Hannan Shahid

Personal information
- Born: 7 September 2005 (age 21) Lahore, Punjab, Pakistan
- Height: 1.76 m (5 ft 9 in)

Sport
- Sport: Field hockey
- Position: Forward

National team
- Years: Team / Caps / Goals
- 2021–: Pakistan U–21 / 23 / (11)
- 2022–: Pakistan / 62 / (27)

Medal record
Men's field hockey
Representing Pakistan
Asian Champions Trophy
| Bronze medal – third place | 2024 Hulunbuir |  |
Sultan Azlan Shah Cup
| Silver medal – second place | 2024 Ipoh |  |
| Bronze medal – third place | 2022 Ipoh |  |
Junior Asia Cup
| Silver medal – second place | 2023 Salalah |  |
| Silver medal – second place | 2024 Muscat |  |

= Hannan Shahid =

Pakistani field hockey player (born 2005)

Abdul Hannan Shahid (born 7 September 2005) is a Pakistani field hockey player.

==Career==
===Under–21===
Shahid made his international debut at under–21 level, where he was a member of the national team at the 2021 FIH Junior World Cup in Bhubaneswar.

He didn't represent the Pakistan U–21 side again until 2023. He won a silver medal at the Junior Asia Cup in Salalah, where he was also named player of the tournament.
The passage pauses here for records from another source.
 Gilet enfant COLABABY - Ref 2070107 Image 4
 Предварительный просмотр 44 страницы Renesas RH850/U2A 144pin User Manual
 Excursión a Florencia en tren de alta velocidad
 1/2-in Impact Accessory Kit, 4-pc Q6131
Following the Junior Asia Cup, he took over captaincy of the team, leading the team at the Sultan of Johor Cup in Johor Bahru and the FIH Junior World Cup in Kuala Lumpur.
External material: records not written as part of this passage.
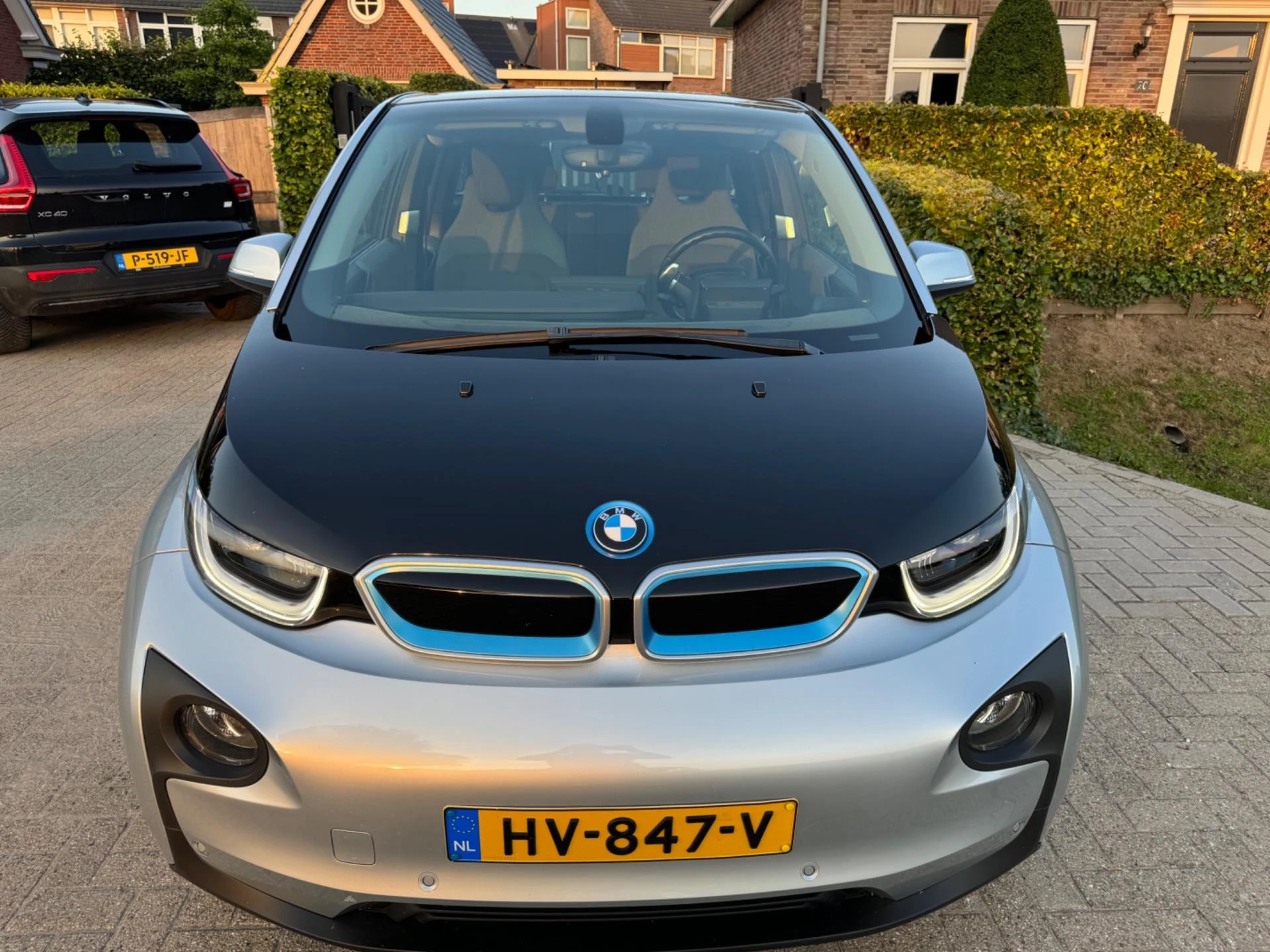 Hoofdafbeelding BMW i3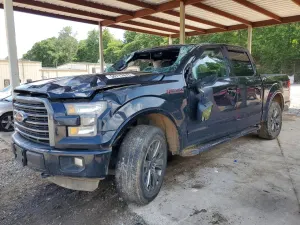 Ford F-150 5.0L 8 2016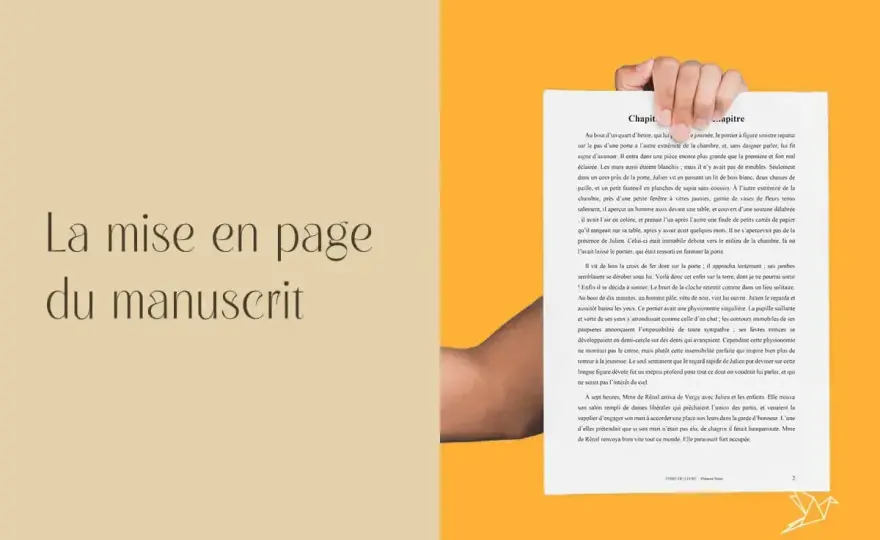 Manuscrit Stock - Guide complet pour publier votre livre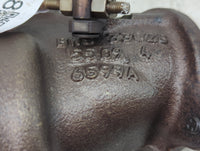 2017 Ford Fusion Turbocharger Turbo Charger Super Charger Supercharger - Oemusedautoparts1.com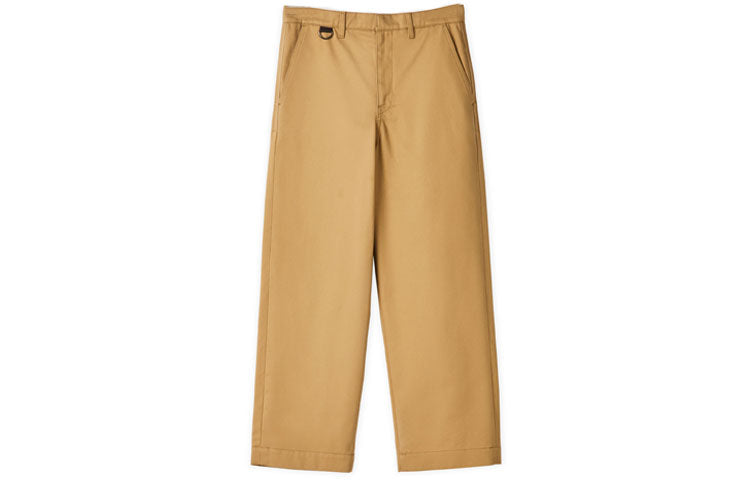 LOEWE Cargo Pants Men Beige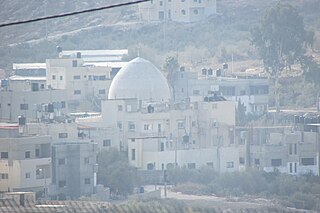 <span class="mw-page-title-main">Deir Sharaf</span> Municipality type D in Nablus, State of Palestine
===Senior national team===
Following a successful junior debut, Shahid made his senior international debut in 2022 at the Asian Cup in Jakarta. He went on to make multiple appearances throughout the year, representing the team at the Commonwealth Games in Birmingham, the Sultan Azlan Shah Cup in Ipoh and the inaugural edition of the FIH Nations Cup in Potchefstroom.
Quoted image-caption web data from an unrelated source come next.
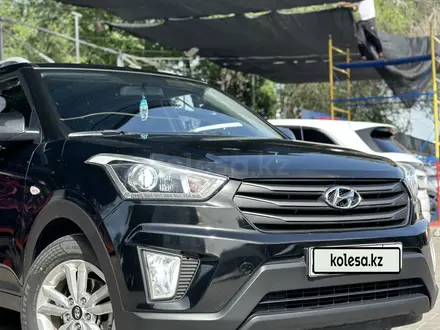 Hyundai Creta 2018 года за 7 400 000 тг. в Алматы – фото 9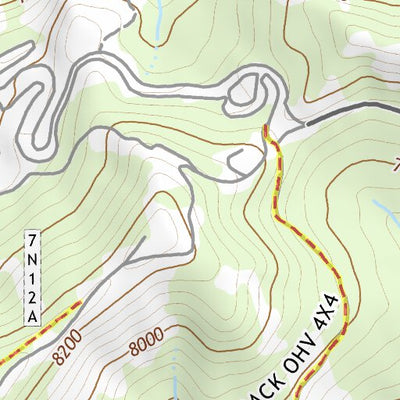 38120SE Page 12 San Andreas Topo Preview 3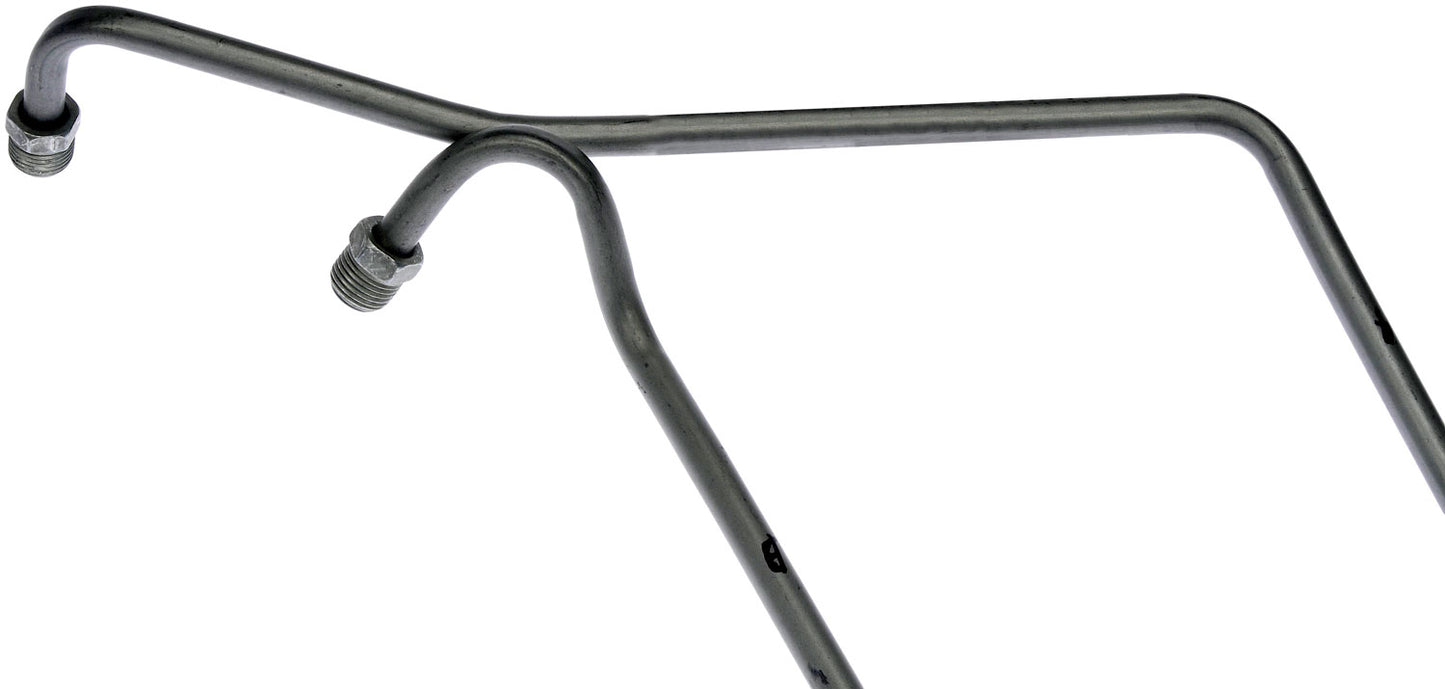 One New Transmission Oil Cooler Line - Dorman# 624-711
During 2023, Shahid only represented the national team at the Asian Champions Trophy in Chennai, where he was also named Rising Star of the Tournament. He was also named as a reserve player for the Asian Games in Hangzhou.

He was a member of the squad at the 2024 FIH Olympic Qualifiers in Muscat and the silver medal-winning side at the 2024 Sultan Azlan Shah Cup in Ipoh.